Both male and female mice (age 12–20 weeks) were used, with groups matched for sex, age, and body weight. No sex-based analysis was performed, as the study employed a short, 4 h ITP model, where sex-specific differences are not expected and have not been reported in prior studies. All experiments were performed with male and female humanized mice at the age of 12 to 20 weeks. Mice were kept in the animal facilities of Friedrich-Alexander-University Erlangen-Nürnberg under specific-pathogen-free conditions in isolated ventilated cages.

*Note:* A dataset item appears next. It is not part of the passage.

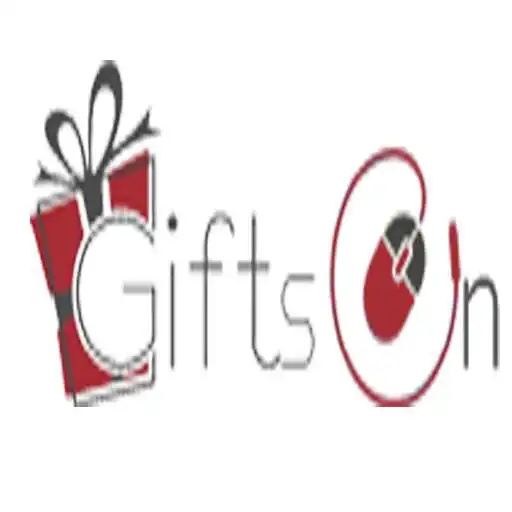 Play Giftson APK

The housing environment was maintained at 20–24°C with 45–65% humidity and a 12-hour light/dark cycle. Mice were euthanized in CO2. All animal experiments were performed in accordance with the legal requirements of Germany, and were approved by the local experimental animal welfare body, Regierung von Unterfranken (54-2532.1-8/13).
In vivo ITP Induction
ITP was induced by intraperitoneal injection of 100 μg 6A6-hIgG1 antibodies (GenScript) (N = 5). To block human FcγRI, 100 µg of C01 antibody was injected intravenously 2 h prior to 6A6-hIgG1 application. PBS-treated mice (N = 4) were used as control. Platelet counts were determined before and 4 h after antibody injection, at a 1:10 dilution in PBS with an Advia 120 hematology system (Siemens). Platelet counts before antibody injection were set to 100%.
Statistical analysis
Statistical analysis was performed using GraphPad Prism v10.4.0. An unpaired Student’s t-test was used to compare the mean values between the two groups. Statistical analysis for multiple comparison was performed using one- or two-way ANOVA, with Bonferroni correction hoc test or Tukey’s test as indicated in the respective figure legend. Graphs represent mean +- SEM, unless indicated otherwise.
Reporting summary
Further information on research design is available in the Nature Portfolio Reporting Summary linked to this article.